Raise up off Me

AlbumMay 21 / 202113 songs, 1h 24m 31s
Jazz

Over decades, “Triangular” became a notable trio subtheme in the discography of drummer Ralph Peterson. It started with 1989’s *Triangular*, featuring pianist Geri Allen and bassist Phil Bowler. It resurfaced in 2000 with pianist David Kikoski and bassist Gerald Cannon on the bracing *Triangular II*. It was not lost, therefore, on brothers Zaccai Curtis (piano/keyboard) and Luques Curtis (bass) when they made the lofty “Triangular” ranks on the live album *Triangular III* in 2016. Peterson and the Curtises mix it up once again on the former’s final album, *Raise Up Off Me*, a testament to the influential firebrand and esteemed educator who fell to cancer at 58. Released the day after Peterson would have turned 59, *Raise Up Off Me* documents a group rapport that is surging yet subtle, full of interactive motion. Vocalist Jazzmeia Horn joins on three songs, including her original “Please Do Something” and Peterson’s “Tears I Can Not Hide,” a deep cut from the drummer’s 2002 release, *Subliminal Seduction*, for which Horn wrote new lyrics. Percussionist Eguie Castrillo sits in as well on Peterson’s elegant but stormy Afro-Latin original “Blue Hughes.” Peterson borrows the title *Raise Up Off Me* from pianist Hampton Hawes’ 1974 memoir of the same name, and he couches it expressly in terms of Black Lives Matter: “For my life to matter, you have to raise up off me,” he said in a promo statement. Fittingly, it’s his own compositional voice in the spotlight as he leads off with the title track (and the subsequent “Raise Up Off Me Too!”), adding auxiliary percussion to fill the soundscape.

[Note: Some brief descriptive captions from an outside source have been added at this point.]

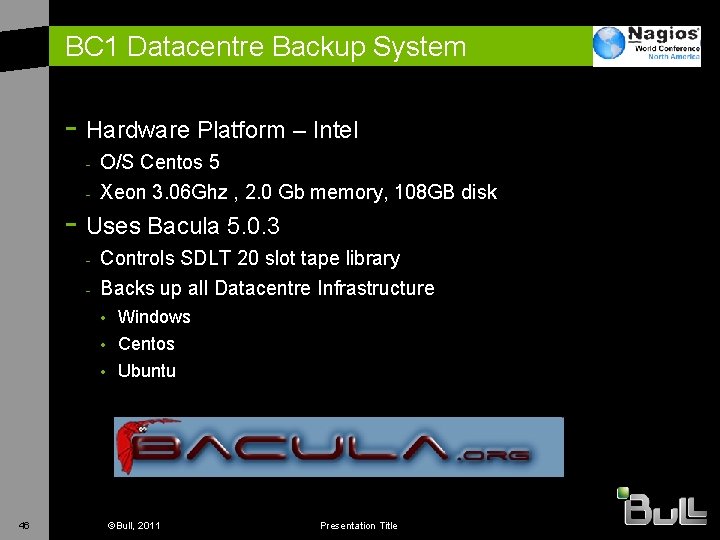 BC 1 Datacentre Backup System - Hardware Platform – Intel - O/S Centos 5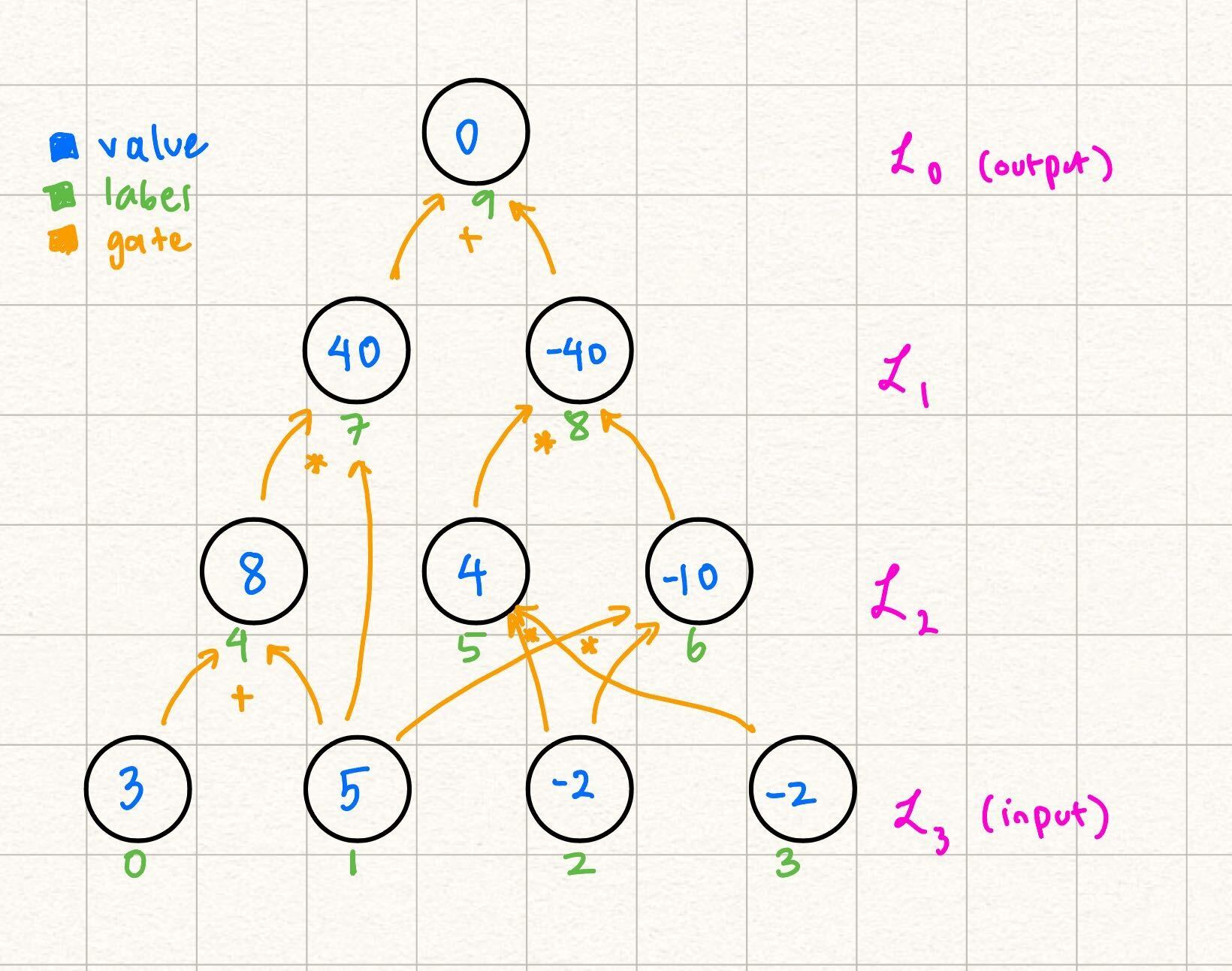 Diagram representing an example of a layered arithmetic circuit
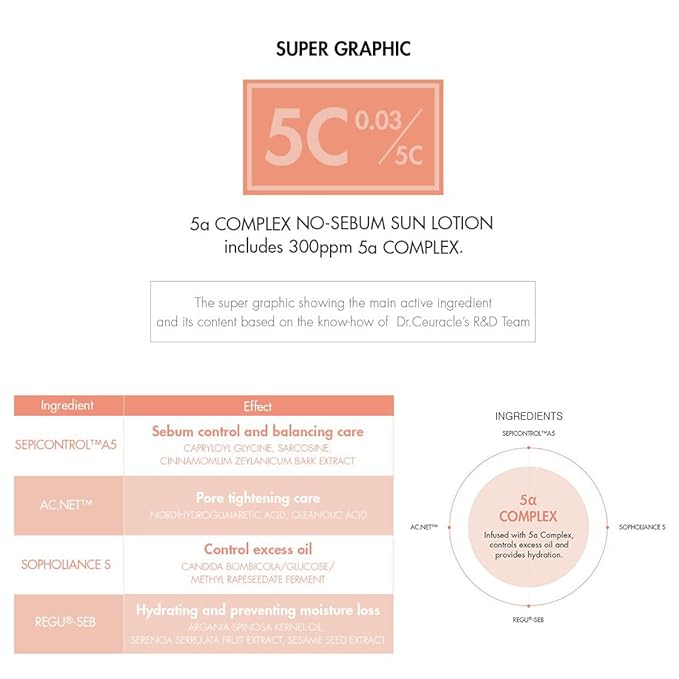 Dr.Ceuracle 5α Control No-sebum Sun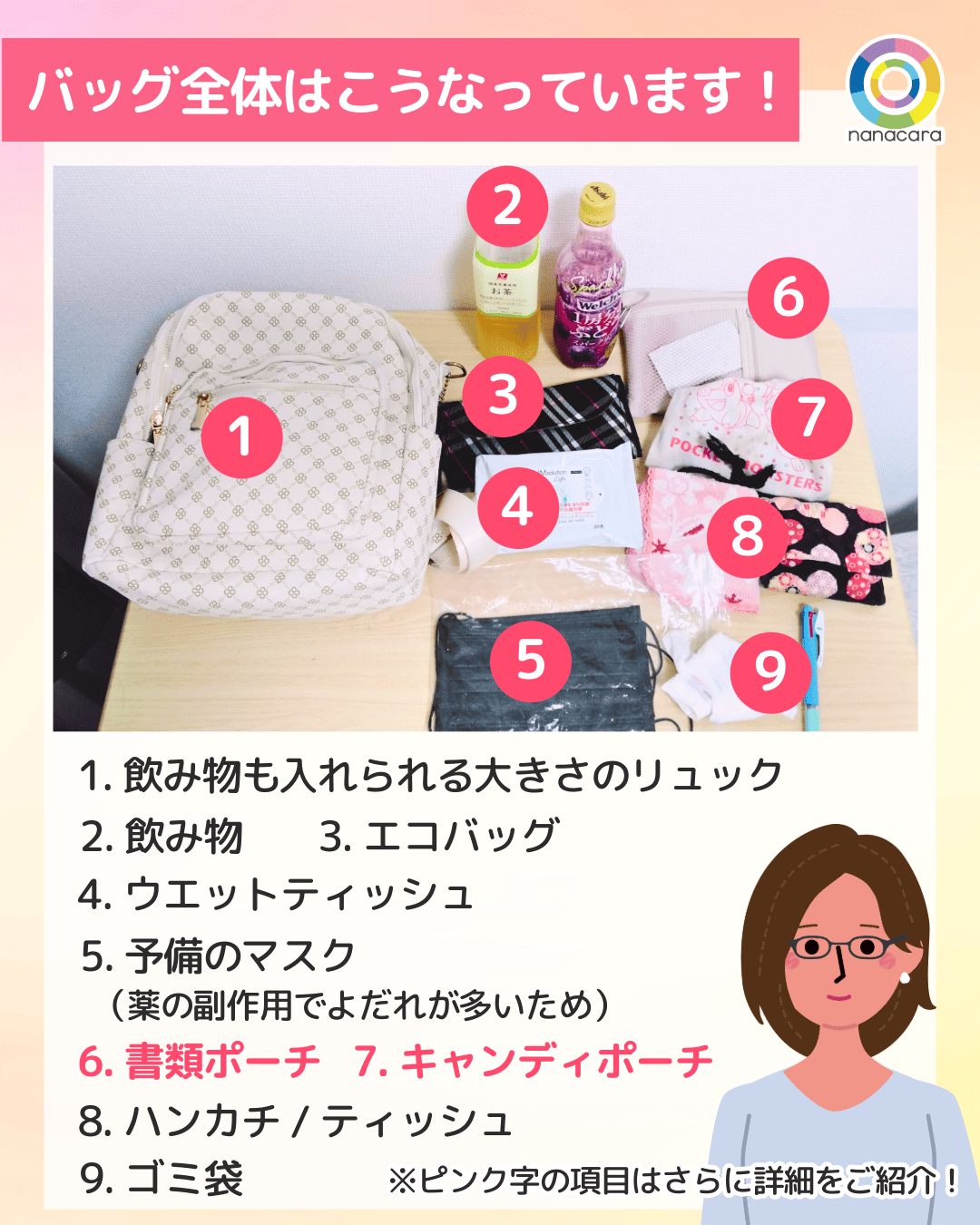 バッグ全体はこうなってます！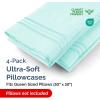 imageQueen Pillow Cases Set of 4  Ultra Soft Hotel Quality Pillowcase Covers  Comfy Cozy ampamp Wrinkle Free  Shrink Stain ampamp Fade Resistant  Machine Washable Pillow Protectors  4 Piece Set  Terracotta21  Spa Blue
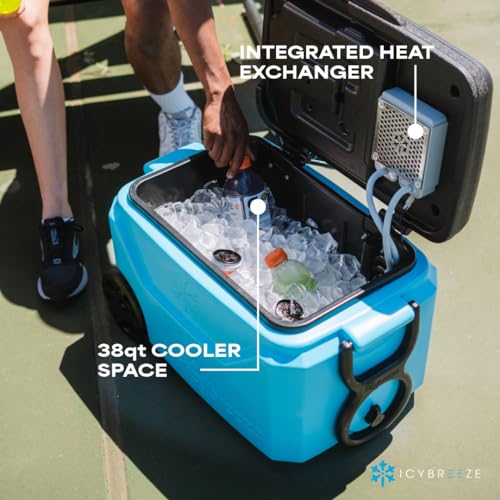 IcyBreeze V2 Pro Portable Air Conditioner & Cooler - 2-in-1 Personal Cooling Solution with 3-Speed Fan, 12V Rechargeable Battery, 38 Quart Capacity, Made in the USA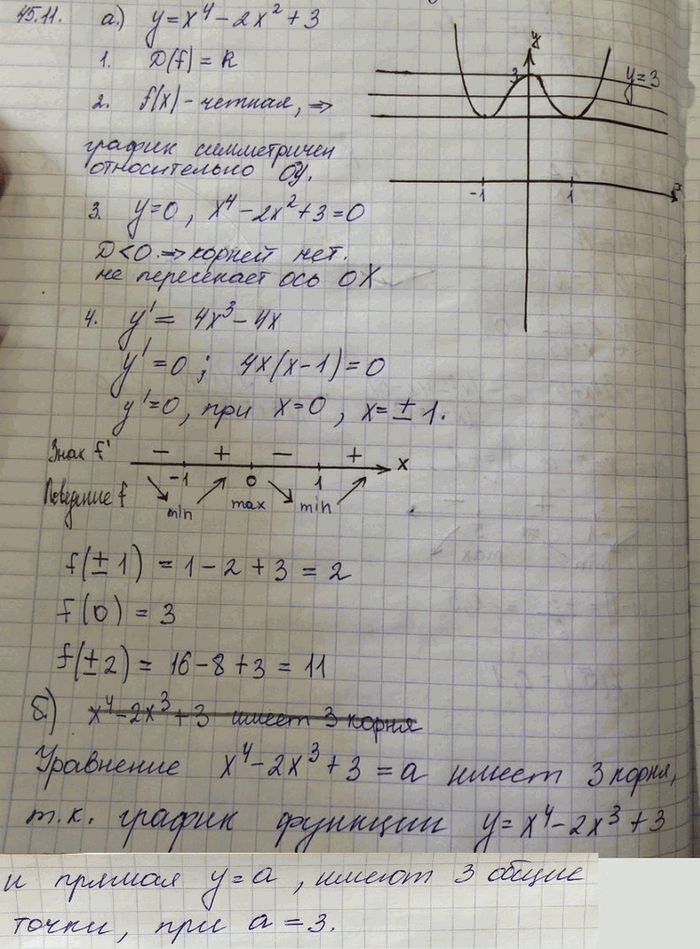 Изображение Упр.45.11 Мордковича 10 класс профильный уровень (Алгебра)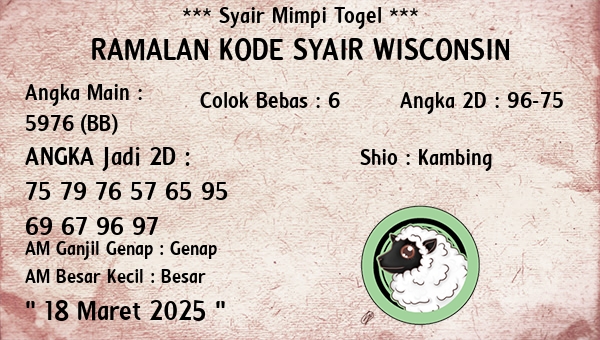 Prediksi Wisconsin
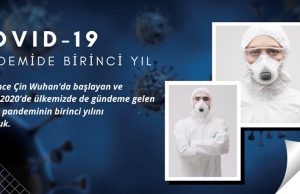 TDB, Pandemide 1. Yıl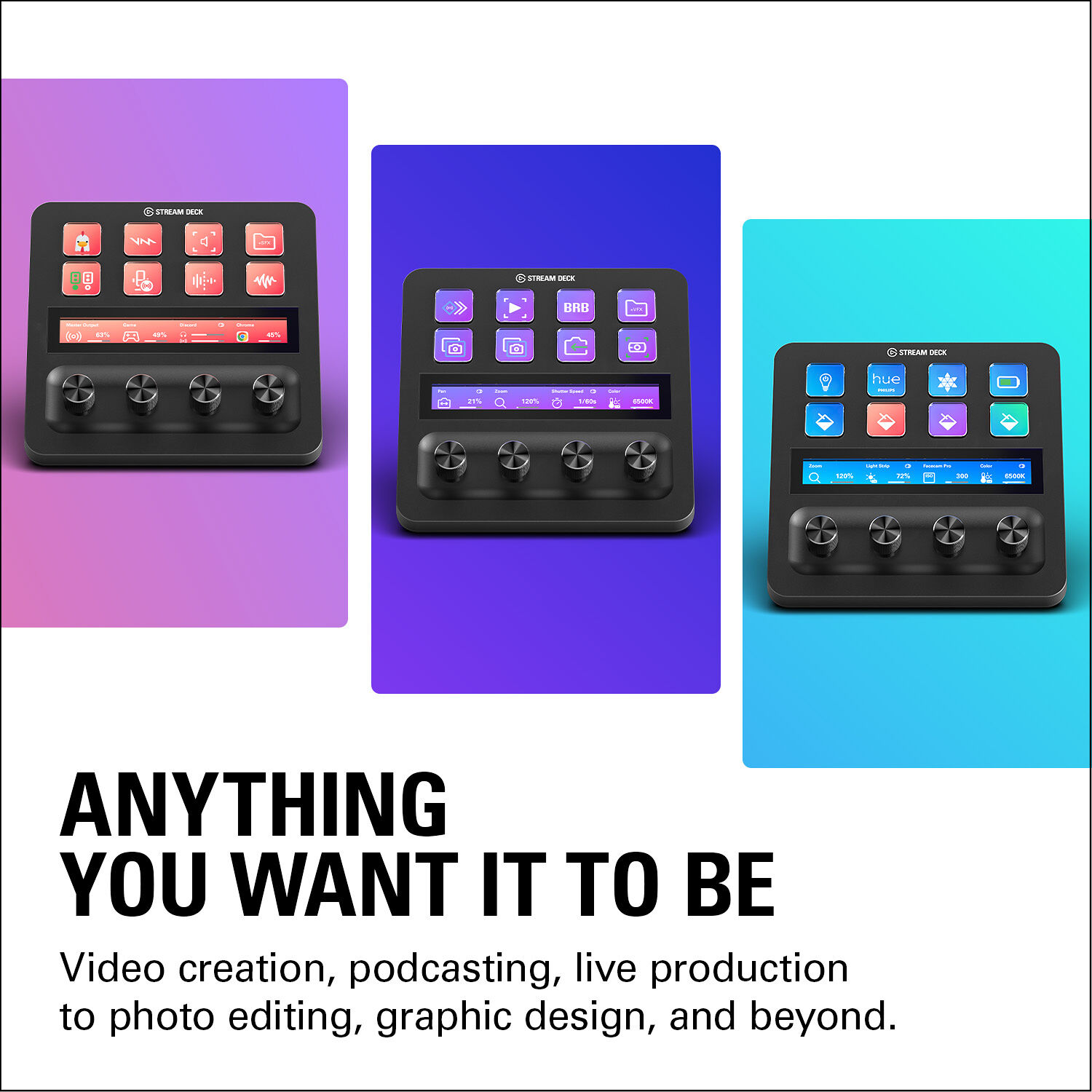 ELGATO STREAM DECK + — view 12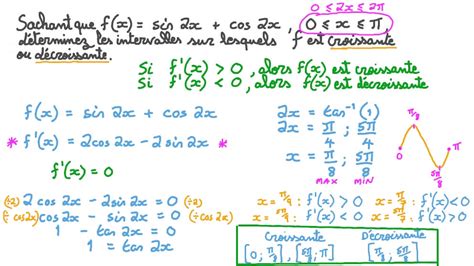 Vidéo Question Déterminer Les Intervalles Où Une Fonction Composée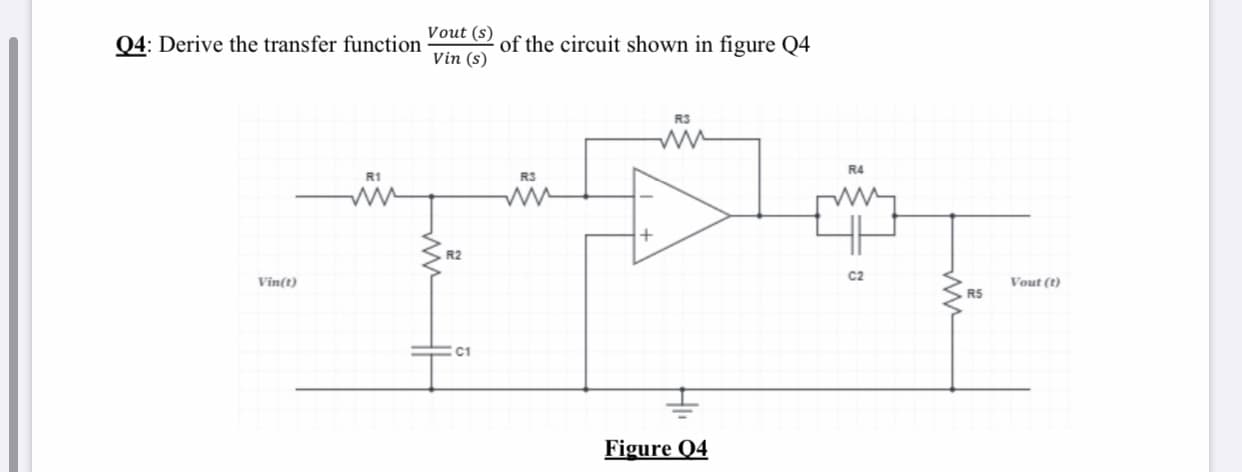 Vout (s)
Q4: Derive the transfer function
of the circuit shown in figure Q4
Vin (s)
RS
R4
C2
Vin(t)
Vout (t)
RS
C1
Figure Q4
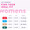 Adult Absorbent Underwear Prevail for Women Pull On Small / Medium Disposable Heavy Absorbency PWC-512/1 Case/80 PWC-512/1 FIRST QUALITY PRODUCTS INC. 889081_CS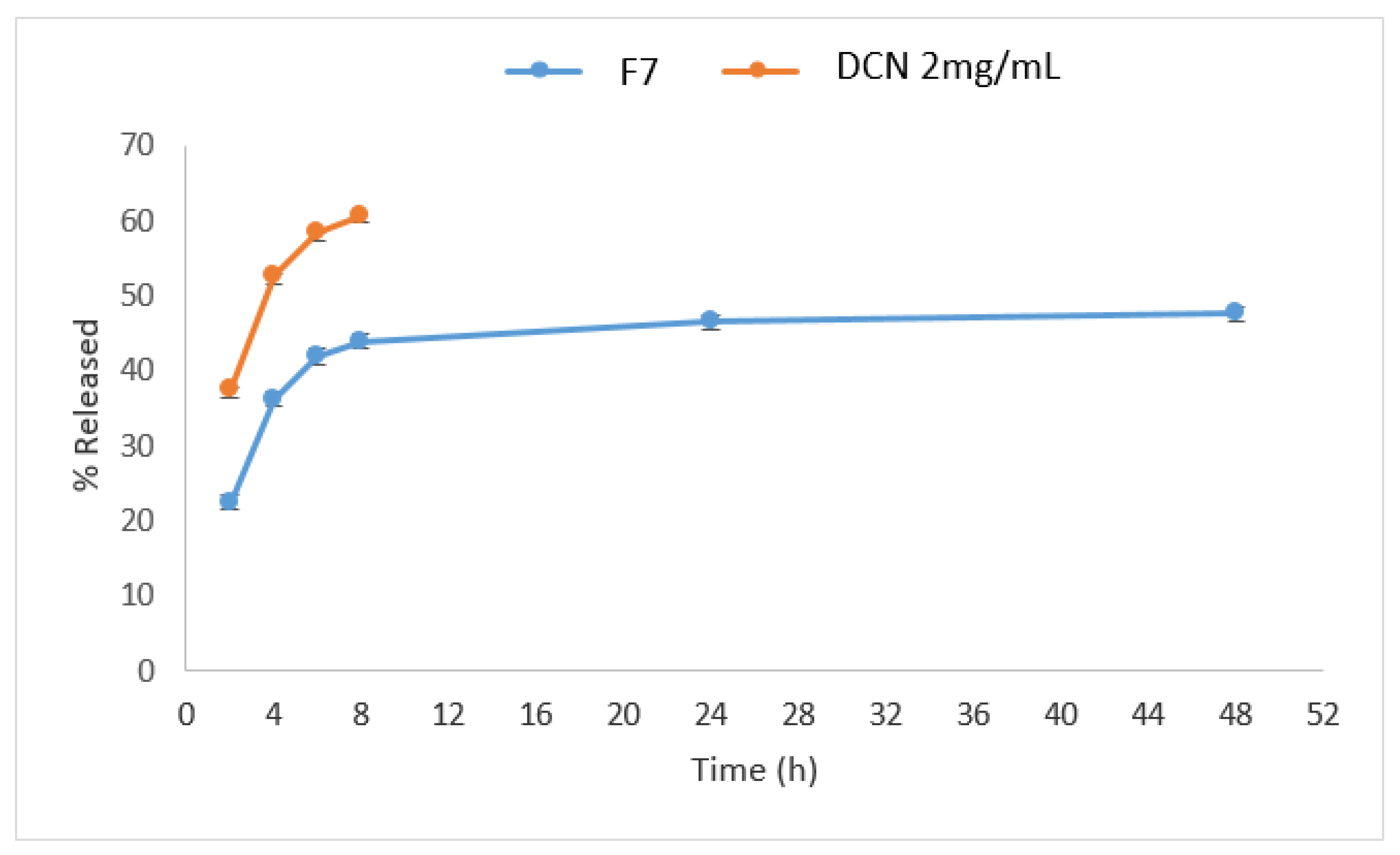 Pharmaceutics 13 00765 g002 Pharmaceutics 13 00765 g002
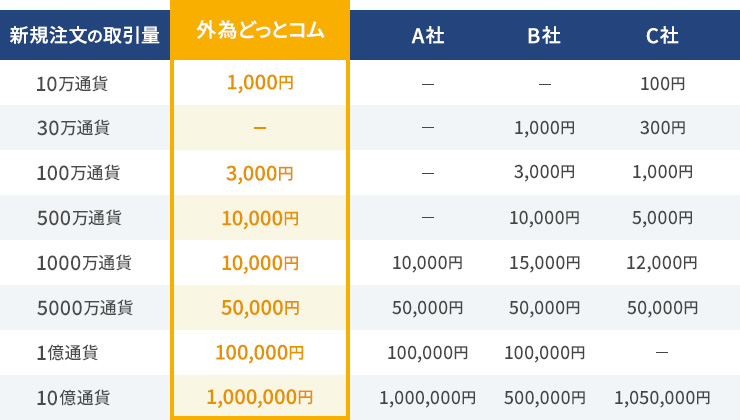 他社との比較表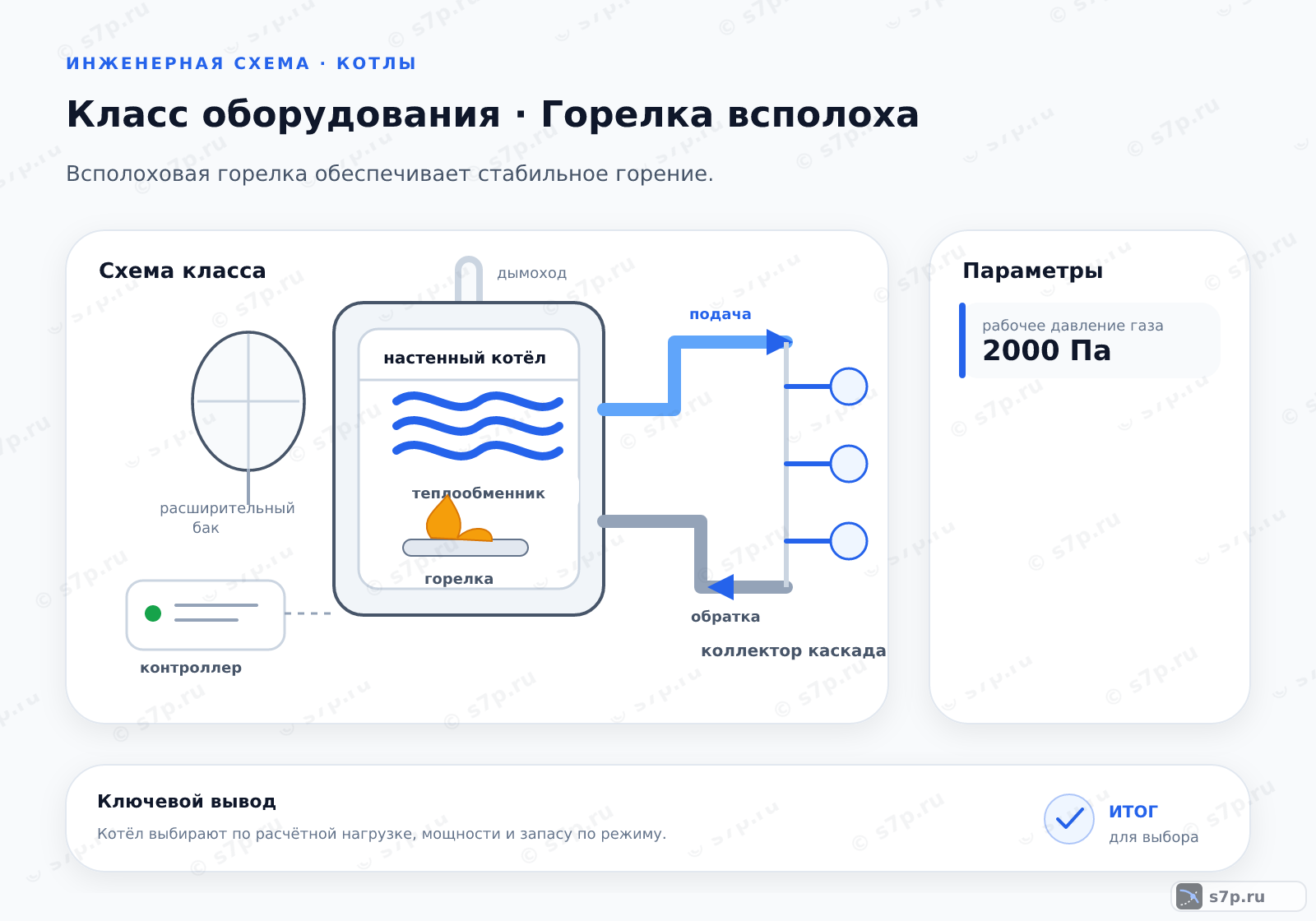 Схема класса «котёл» для темы «Горелка всполоха»: ключевые параметры — рабочее давление газа — 2000 Па; рабочее давление газа — 2000 Па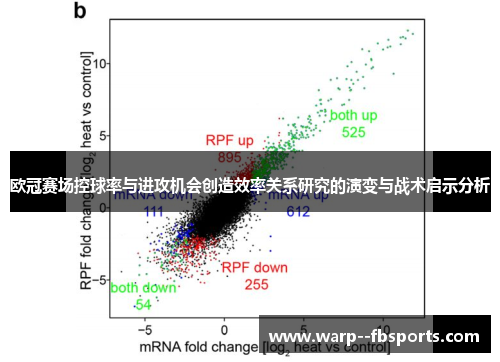 欧冠赛场控球率与进攻机会创造效率关系研究的演变与战术启示分析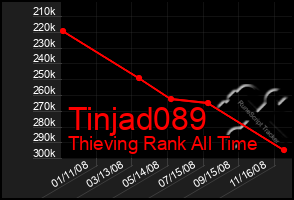 Total Graph of Tinjad089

There’s an affecting Zaccai Curtis ballad (“I Want to Be There for You”) and a subtheme of tributes to Black pianists: Bud Powell’s “Bouncing With Bud,” the fierce modern blues “Four Play” by the late James Williams, the blistering and complex “Shorties Portion” by Patrice Rushen and, most strikingly, “Naima’s Love Song” by the late John Hicks, in an energized reading with Horn on vocals and Peterson himself on trumpet, which he played with great proficiency.